1. We All Need Role Models In Our Category
Regretfully, it is a daily occurrence for me to compare (for better or worse) what I have, what I’m doing, where I am professionally and personally with people I see around me. However, the truth is, it’s also easy for me to make excuses not to push myself if I can see that others around me are not in the same category as me: age, class, gender, race etc
Seeing other people who are similar to me succeeding is the best motivation for me to do the same. It is crucial that I have role models that hold a myriad of different identities, but the role models who go about the world in a similar category to me, who look and sound like me, can motivate me in a way that at times can feel more measurable.
This is the same way for kids. Kids will be inspired by their teachers, parents, grandparents and the celebrities hanging out on billboards and TV screens. However, they will be motivated by their peers. Placing youth voice at the center of the classroom will motivate surrounding youth to raise their own voice, activating them faster and more effectively.
2. The Customer Is Always Right
This common saying is there for a reason. The customer is always right, because if businesses don’t provide for the customer, they have no business.
Sure, there is a lot of money that moves around school systems publicly and privately, however, it’s not the school board, city leadership or administrations that are the customers to the school. The customers are the kids in the classroom. If the kids in the classroom are not thought to be “right” or important enough to advise what is being offered to them, then is it a school at all? Or just a storage company?
3. Youth Voice Dreams Without Borders
As a father to 3 kids under the age of 6, I will be the first to point at that kids know how to talk rubbish. However, many times, it is simply that they are talking with a boundless imagination that is so incomprehensible to my adult paradigmatic mind.
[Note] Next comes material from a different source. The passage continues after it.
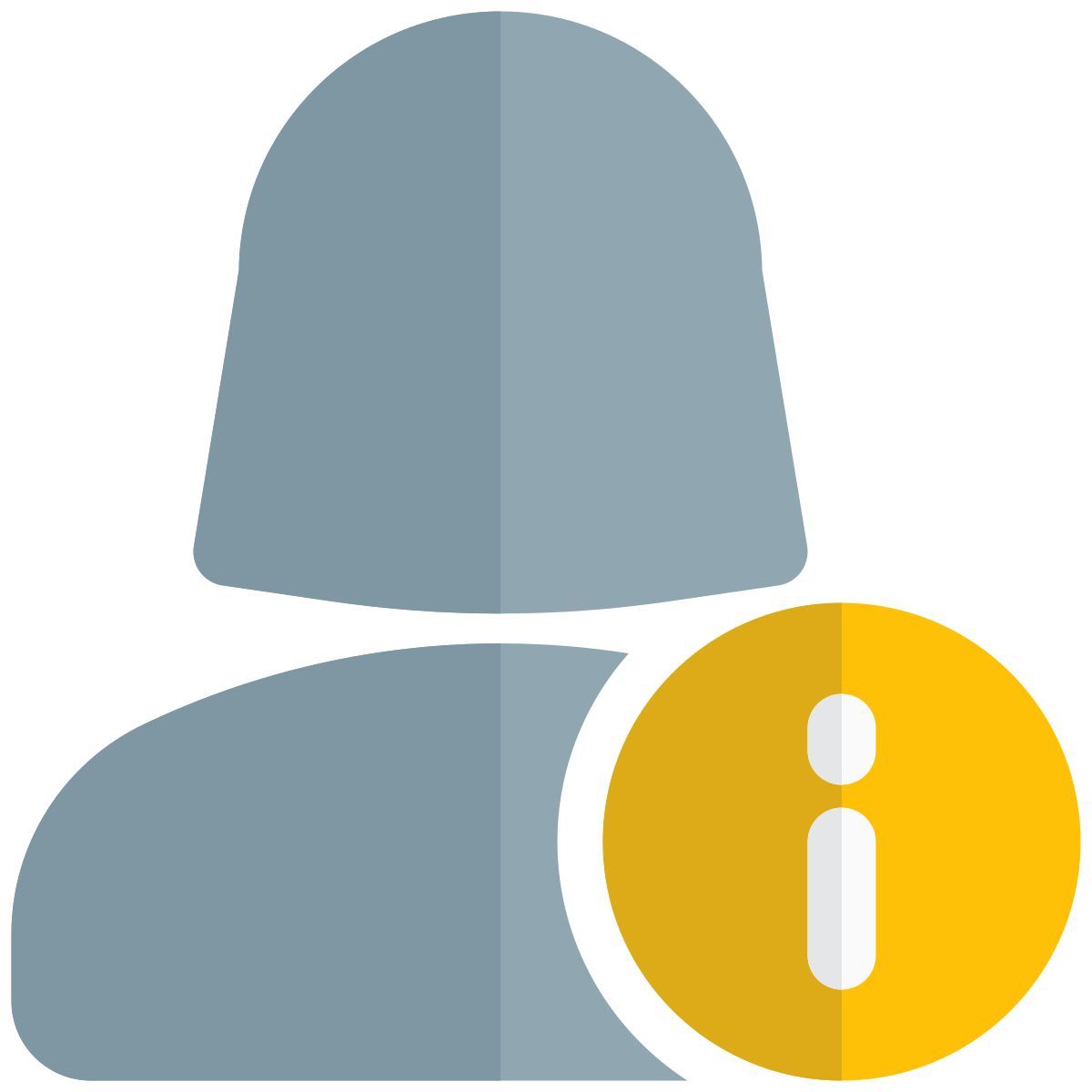 information of an online female user i button placement icon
In the classroom we are building minds strong enough and flexible to comprehend and manage roles that are not yet in existence. If this is what you believe too, then surely it is the dreamer that imagines the unimaginable who should drive the learning. Adults are fantastic navigators, though we only know how to navigate to the places we’ve been or can read on a map. It takes a young person to take us places that don’t exist yet.
4. Make It Relevant
More and more young people want to know the purpose of the things we teach them. I’ve never heard my students ask me for the meaning of life, but I sure have heard them ask a thousand times what the meaning of music theory is. Keeping youth voice in the center of the classroom is concerned with creating space and elevating the ideas, questions, stories and interests of young people.
Within this framework, we should also consider who our students are and what information and experiences feel relevant to them. This is the magic sauce to creating buy-in in our communities of learning everywhere. Sometimes our young people need a hand in identifying what is relevant. Oftentimes this can look like a facilitator exhibiting real enthusiasm about something they care about themselves. However, young people know authenticity when they see it - don’t think they’ll buy your enthusiasm about the Ancient History of Clay Pottery unless you’re really in it!
5. Because Of These Amazing Young People Who Came Before Us
Separately, but not conversely to all of these ideas within the context of the classroom - young people do not need to look far to see role models who are older and wiser, but older folks certainly need to search high and low to find role models in the “youth” age bracket. Here are a few amazing young people from history, who made their voices central to their world and created an impact:
1955: CLAUDETTE COLVIN - At 15 years old (about 9 months before Rosa Parks' similar actions) Colvin refused to give up her seat for a white person on a bus in segregated Montgomery, Alabama. She was arrested and thrown in jail, though ultimately became one of the 5 plaintiffs in Browder v. Gayle that determined that bus segregation in Montgomery was unconstitutional.
1984: RYAN WHITE - At 13 years old, White’s Indiana school kicked him out for contracting HIV/AIDS from a blood transfusion. Before his death at age 18, White was an advocate for providing better education and awareness about HIV/AIDS.
2012: MALALA YOUSAFZAI - After blogging for years about her experience under the regime of the Taliban (including the ban of girls going to school), at age 12 Malala was shot in the head by a Taliban gunman. After her recovery her writing fueled her identity as an education activist ultimately landing her a Nobel Peace Prize at the age of 17 (the youngest person to receive this in history).
2018: CAMERON KASKY, DAVID HOGG, EMMA GONZALEZ, and Marjory Stoneman Douglas High School Students - Although not old enough to vote, these teenages have arguably done more to raise conversation and critique of the use of guns in America than anyone in history. Establishing the #neveragain movement, and organizing a nationwide student walk-out of school have been just two hugely impactful ways these young people have been central to changing the course of the country.